1. Field of the Invention

The invention relates to a method of making a relay.

2. Description of the Related Art

As shown in FIG. 1, a conventional method of making a relay 10 (see FIG. 9) comprises steps 21 to 26.

As shown in FIGS. 1 and 2, the step 21 is to prepare a relay core member 11 including a base plate 111 that extends in a horizontal direction (X) and that is formed with a through hole 116, a top plate 112 that extends in the horizontal direction (X) and that is spaced apart from the base plate 111 in a vertical direction (Y), a coil unit 110 that extends in the vertical direction (Y) and that is disposed between the base and top plates 111, 112, and a connecting plate 114 that interconnects the base and top plates 111, 112 and that is disposed between the coil unit 110 and the through hole 116. The coil unit 110 includes a core 113, a coil 12 wound on the core 113, and a pair of rods 115, each of which is coupled to the coil 12 and extends through the base plate 111.

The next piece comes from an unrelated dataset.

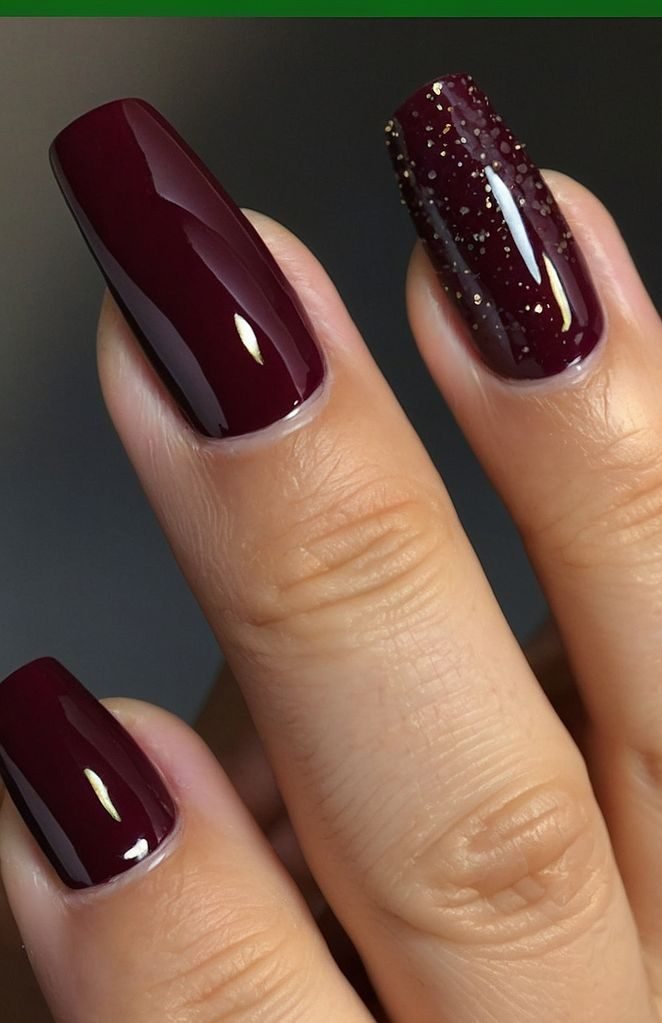 Idee Unghie Rosse Natalizie Burgundy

As shown in FIGS. 1, 3, and 4, the step 22 is to prepare a first terminal 13 that has a first terminal portion 131 formed with a plate engaging notch 1310, a first fixed portion 132 extending perpendicularly from one edge of the first terminal portion 131, and a first contact 133 disposed on the first fixed portion 131, and to couple the first terminal 13 to the relay core member 11 by moving the first terminal 13 horizontally relative to the relay core member 11 such that the plate engaging notch 1310 engages the base plate 111 of the relay core member 11, that a portion of the first terminal portion 131 extends downwardly relative to the base plate 111, and that the first fixed portion 132 extends horizontally above the top plate 112 of the relay core member 11.

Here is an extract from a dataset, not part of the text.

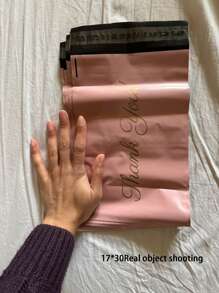 10/30 pièces Nouveaux sacs de transport rose ordinaires Matériau rose "Merci", sacs imperméables multifonctionnels de transport moderne, emballage de vêtements pour bureau, école, logistique de électronique, sacs d'expédition, sacs autocollants imperméables roses, saison des diplômes, cadeaux pour les enseignants, cadeaux amusants, emballage de la saison des mariages, sac cadeau pour fête d'anniversaire, emballage d'équipe. Convient pour la décoration de bureau, les fournitures de bureau, la rentrée scolaire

As shown in FIGS. 1, 5, and 6, the step 23 is to prepare a second terminal 14 that has a second terminal portion 141, a resilient portion 142 extending perpendicularly from one edge of the second terminal portion 141, a second contact 143 disposed on the resilient portion 142, a pair of opposite wing portions 144 formed at two sides of the second terminal portion 141, and a pair of tongue pieces 145 formed respectively at the wing portions 144, and to couple the second terminal 14 to the relay core member 11 by moving the second terminal 14 vertically relative to the relay core member 11 such that the second terminal portion 141 extends downwardly through the through hole 116 in the base plate 111, that the resilient portion 142 extends horizontally above the top plate 112 and the first fixed portion 132 of the first terminal 13, and that the second contact 143 is registered with the first contact 133 of the first terminal 13. After the second terminal 14 is coupled to the relay core member 11, an operator has to fold each of the wing portions 144 manually toward the connecting plate 114 with the use of a tool (not shown) such that the tongue pieces 145 engage respectively opposite sides of the connecting plate 144, thereby positioning the second terminal 14 relative to the relay core member 11.

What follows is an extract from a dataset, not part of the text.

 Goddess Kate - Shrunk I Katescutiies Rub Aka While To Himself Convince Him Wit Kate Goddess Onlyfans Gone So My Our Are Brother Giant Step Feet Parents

As shown in FIGS. 1, 7, and 8, the step 24 is to prepare a third terminal 15 that has a third terminal portion 151 formed with plate engaging notches 1510, 1511, a second fixed portion 152 extending perpendicularly from one edge of the third terminal portion 151, and a third contact 153 disposed on the second fixed portion 152, and to couple the third terminal 15 to the relay core member 11 by moving the third terminal 15 horizontally relative to the relay core member 11 such that the plate engaging notches 1510, 1511 respectively engage the top and base plates 112, 111 of the relay core member 11, that a portion of the third terminal portion 151 extends downwardly relative to the base plate 111, that the second fixed portion 152 extends horizontally above the resilient portion 142 of the second terminal 14, and that the third contact 153 is registered with the second contact 142.

The step 25 is to test the resiliency of the resilient portion 142 of the second terminal 14 via a testing instrument (not shown). If the testing result does not fall within the standard range, the operator has to adjust manually the resilient portion 142 with the use of a tool so as to meet the standard requirement.

As shown in FIGS. 1 and 9, the step 26 is to enclose the relay core member 11, the first terminal 13, the second terminal 14, and the third terminal 15 within a housing 16, and to seal the housing 16 with resin 17 filled between the housing 16 and the base plate 111 of the relay core member 11.

In use, the second contact 143 of the second terminal 14 contacts the third contact 153 of the third terminal 15 to form a first circuit when current does not flow through the coil unit 110. When current flows through the coil unit 110, an electromagnetic field is generated to attract the resilient portion 142 of the second terminal 14 such that the second contact 143 is separated from the third contact 153 and contacts the first contact 133 of the first terminal 13, thereby forming a second circuit.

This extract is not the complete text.